[Given information Boundary: Start]

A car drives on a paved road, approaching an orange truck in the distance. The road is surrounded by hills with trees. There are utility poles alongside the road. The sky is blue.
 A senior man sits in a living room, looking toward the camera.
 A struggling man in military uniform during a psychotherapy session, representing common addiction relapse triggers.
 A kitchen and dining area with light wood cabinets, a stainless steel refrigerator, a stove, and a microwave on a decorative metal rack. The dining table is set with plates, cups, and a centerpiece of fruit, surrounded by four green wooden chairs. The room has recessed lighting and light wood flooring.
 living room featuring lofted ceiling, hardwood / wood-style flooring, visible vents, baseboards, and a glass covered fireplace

[Given information Boundary: End]

Required action
From the first line of the data above through the line containing "A struggling man", repeat each line exactly, and add nothing.

Response box
A car drives on a paved road, approaching an orange truck in the distance. The road is surrounded by hills with trees. There are utility poles alongside the road. The sky is blue.
 A senior man sits in a living room, looking toward the camera.
 A struggling man in military uniform during a psychotherapy session, representing common addiction relapse triggers.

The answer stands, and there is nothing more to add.